Autre révélation contenue dans l'article édifiant de L'Express, certains corps seraient revendus, entiers ou démembrés, à des entreprises privées sans le consentement du défunt ou de ses proches, alors qu'ils sont censés être utilisés exclusivement pour la recherche médicale ou la formation des futurs médecins. 

"L’autre problème gravissime, c’est la destination des corps", poursuit auprès de LCI le président de l'Union française pour une médecine libre. "Selon leur dernière volonté, les défunts ont légué leur corps à la science et ils n’ont pas à être adressés à des entreprises privées pour faire des crash-test. Vient également le problème du monnayage des corps. On s’aperçoit au gré de l'enquête qu’il y aurait eu un trafic commercial des corps vendus en entier ou par morceaux, ou vendus à l’industrie. En d'autres termes, des médecins ont monnayé des corps à des entreprises privées, tout à fait externes à la faculté." 

"On est bien dans un scandale majeur qui retentit profondément sur la profession, contrevenant à l’article 31 du code déontologique médicale stipulant que 'tous les médecins doivent s’abstenir, même en dehors de l’exercice de sa profession, de tout acte de nature à déconsidérer celle-ci'. Et sur l’article 3 stipulant que le médecin doit respecter les principes de moralité, de probité, de dévouement indispensable à l’exercice de la médecine.
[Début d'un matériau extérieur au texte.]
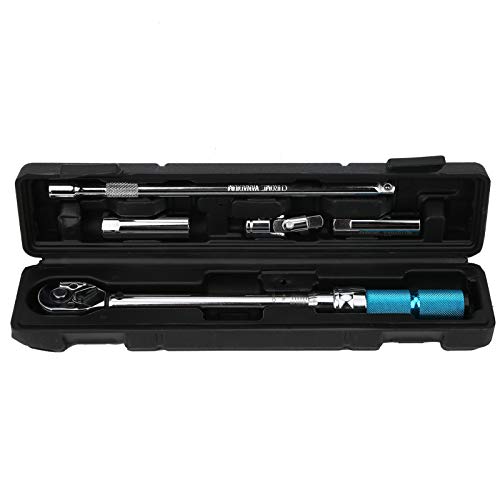Starrypxl ARREPEKTE SET VERITIGTE Torsionsschlüssel Schränke 3/8in 5 60 n.m Zys 5 Langlebige Handausrüstung Ideales Hausgaragekonsum von Starrypxl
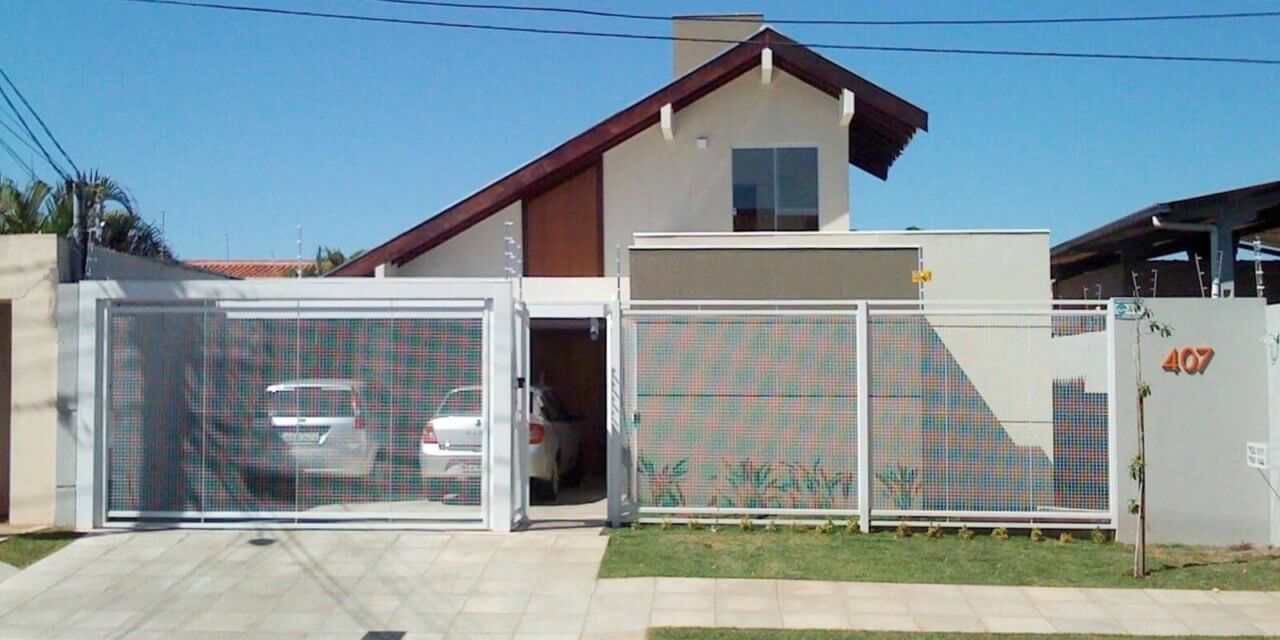 Residencia Bairro Jardim Sao Louren+ºo Campo Grande MS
Des articles généraux mais fondateurs et on ne peut pas laisser faire ça." 

Des dysfonctionnements connus de tous ?

Dans l’enquête de L'Express, le Pr Guy Vallancien, chirurgien, membre de l'Académie de médecine et directeur du CDC des Saints-Pères de 2004 à 2014 témoigne : "J'ai toujours rêvé qu'un journaliste vienne et raconte comment sont traités les corps." En d’autres termes, tout le monde savait. "On nage en plein délire. C’est ahurissant", s’exclame Jérôme Marty.

A cette époque-là, on n’a pas prévenu la presse parce qu’on voulait ménager l’anatomie française.
Brigitte Mauroy, ancienne présidente du comité d'éthique à l’Université Paris-Descartes

Cette situation indigne aurait perduré pendant des années. Fin 2017, Richard Douard, alors président du CDC, Xavier de Bonnaventure, membre du comité d'éthique, ainsi que la professeure Brigitte Mauroy, présidente de ce même comité, avaient démissionné pour protester face à l'inaction des pouvoirs publics. 

Egalement contactée par LCI, Brigitte Mauroy assure avoir quitté ses fonctions pour les raisons expliquées dans l’article de L’Express : "J’étais présidente du comité d’éthique, un poste très honorifique étant donné que c’est le cœur de l’anatomie française et j’avais bien mes raisons de démissionner, tout comme Xavier de Bonnaventure et Richard Douard. A cette époque-là, on n’a pas prévenu la presse parce qu’on voulait ménager l’anatomie française. Tout simplement parce que dans les autres laboratoires des autres facultés de France, ça ne se passe pas comme ça. On traite les corps avec un esprit d’éthique et un humanisme en considérant que ceux qui ont légué leur corps ont fait un acte citoyen." 

Avec de telles révélations, le risque est d'ailleurs que le scandale génère une psychose chez les futurs donneurs et retentisse sur les autres facultés qui, elles, adoptent un bon comportement.

"Si les familles portent plainte, l’affaire passe au pénal"

Comme nous l'a confirmé Jérôme Marthy, une saisine du Conseil de l'Ordre des médecins, dite ordinale, est par ailleurs partie ce mercredi. Selon d’autres sources également contactées par LCI et qui ont tenu à garder l’anonymat, "pour que les choses bougent concrètement, il faudrait que les familles des dépouilles des défunts témoignent" : "On s’imagine toujours que les gens qui donnent leurs corps sont des SDF. Or, pas du tout : c’est souvent des CSP+. Et alors si les familles portent plainte, l’affaire passe au pénal. Et les familles ne connaissent pas forcément le chemin de la plainte. Comme cette pratique infâme a duré pendant des années, des milliers de personnes sont concernées."

En fin de journée ce mercredi, en réaction à l'enquête, l'Université René-Descartes a annoncé la fermeture provisoire du Centre du Don des Corps.